*Directions for this task:*
Your task is to repeat the lines below exactly, excluding any pictures they contain.

*Data extract:*
Content starts

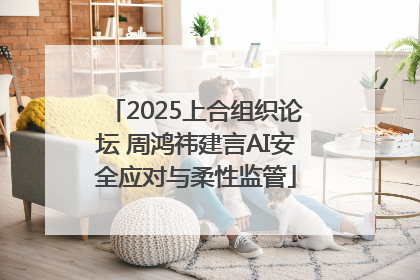2025上合组织论坛 周鸿祎建言AI安全应对与柔性监管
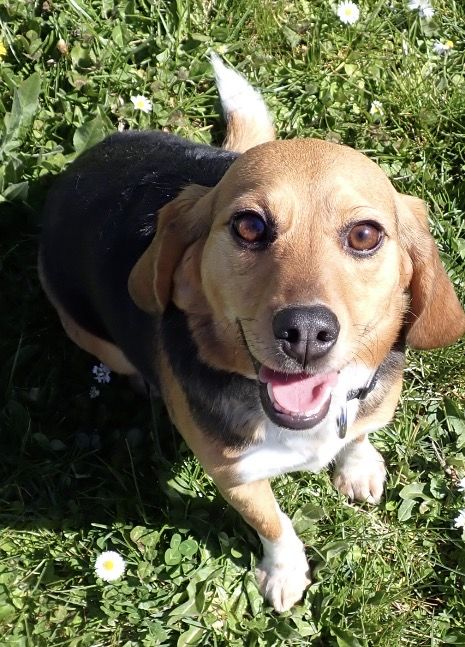 Pebbles, Hündin, 2 Jahre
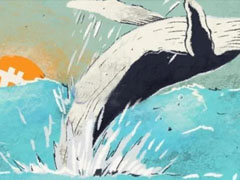 巨鲸持续买入比特币！市场波动中显韧性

Content ends

*Response:*
2025上合组织论坛 周鸿祎建言AI安全应对与柔性监管
 Pebbles, Hündin, 2 Jahre
 巨鲸持续买入比特币！市场波动中显韧性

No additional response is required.